Сколько их среди нас! Тех, чье присутствие мы чувствуем. Или чье отсутствие. Памятники, и литературные в том числе, нужны не для того, чтобы освободить. А чтобы привязывать навсегда.
9 мая, в День Победы, ленинградцы, тысячи их, идут на Пискаревское кладбище. Семьями идут и в одиночку, старые и молодые. Земляные холмы братских могил уже свободны от снега, прошлогодняя трава распрямилась. На темную ее жухлую зелень люди кладут цветы, а некоторые кладут конфеты, папиросы, хлеб, маленький кусочек хлеба. Где-то тут, может быть, лежит Юра Рябинкин. А если он не здесь, то все равно каждый из похороненных здесь нуждался в этом куске хлеба.
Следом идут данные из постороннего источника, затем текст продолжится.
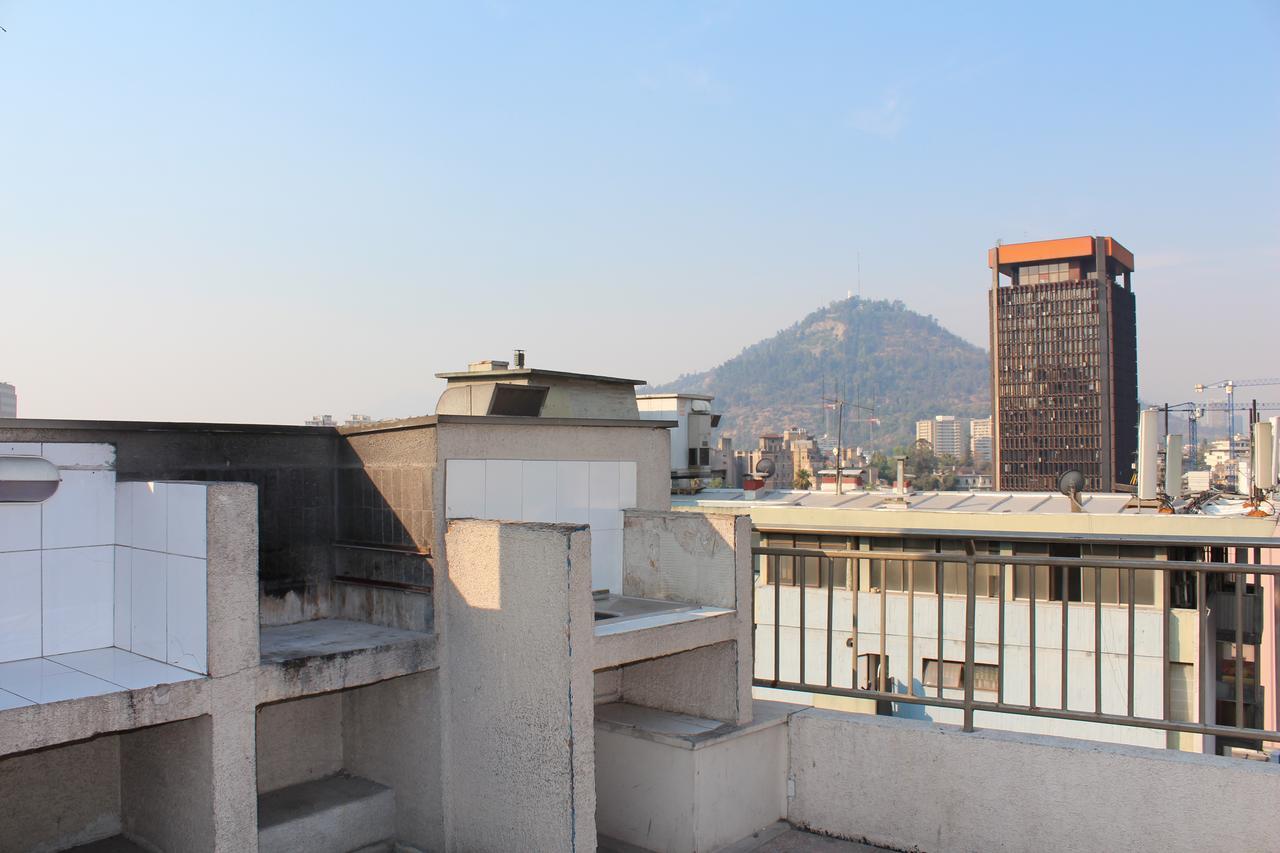 Uh Departamento Amoblado Lastarria 3* Santiago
Юра Рябинкин страстно желал жить. Порою кажется, что короткая, незавершенная его жизнь хоть в чем-то ищет продолжения. И после гибели его эта жизненная сила как бы пребывает нерастраченной. Он не сумел до конца понять, за что, почему ему пришлось погибнуть, не успев осуществить себя, как ему казалось, ни в чем. Но остался его дневник и через дневник — его страстное томление по жизни.
Блокадный город, где он — город потерь, город нашего страдания, с пустырями разобранных, сгоревших домов, развалин, затаенный город невозместимых утрат, неосуществленных жизней, непроросших семян? Этот город не разглядеть. Раны залечивались быстро, шрамов не оставалось. Город возвращался к нормальной жизни с энергией неистовой, словно бы накопленной за девятьсот блокадных дней. Не осталось ничего, не оставляли ничего, словно бы воды сомкнулись. Много позже спохватились — что же показать детям, что увидят внуки? Восстановили синюю надпись на Невском: «Эта сторона улицы при артобстреле наиболее опасна».
Передний край обороны обозначили памятниками, соорудили Зеленый пояс Славы, а новые кварталы уходят все дальше и дальше за бывшую линию фронта. Примерно то же самое произошло с памятью о блокаде — она уходит внутрь, как древесные кольца в ствол дерева.
Старый особняк на Васильевском острове, «Аврора» на вечной стоянке, белые ночи — из чего слагается красота этого города? Для новых поколений блокада вошла в образ города, придала красоте его трагическую силу.